April 23, 2019 -- Facing an unfunded pension liability of some $448 million that could "balloon," the City should immediately escalate the payments it currently makes using general fund money, according to a report issued Monday by Santa Monica's finance director.

The payments would be "over and above" the approximately $52 million annual contribution Santa Monica is required to make to CalPERS, California's Public Employee Retirement System.

In her report to the City Council, Finance Director Gigi Decavalles-Hughes said the City should pay $16.6 million, instead $2.6 million, in its upcoming 2019-21 Biennial Budget to help pay down the debt.

The money would come from "General Fund reserves and reallocations of existing budget," she said.

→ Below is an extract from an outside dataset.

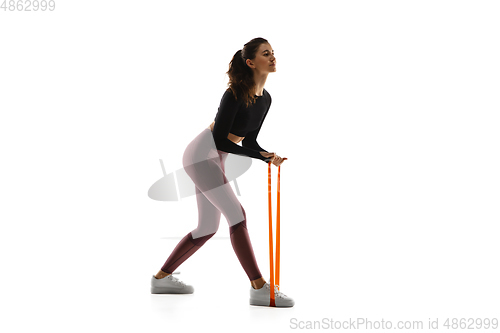 Image of Young caucasian female model in action, motion isolated on white background. Concept of sport, movement, energy and dynamic, healthy lifestyle. Training, practicing.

"Despite the steps the City has taken to date to manage its pension costs, like all cities in California, Santa Monica expects steep increases in pension costs that could severely impact services in the future if they are not managed," Decavalles-Hughes wrote.

"Moreover, if CalPERS is not able to meet its investment return targets in the years ahead, our City’s pension liability could balloon, undermining our long-term fiscal health," she said.

Under Decavalles-Hughes' proposal, the City would pay $9.3 million in the first year of the upcoming biennial budget, instead of the $1.3 million it has been paying.

In the second year, the City would pay $7.3 million, instead of $1.3 million.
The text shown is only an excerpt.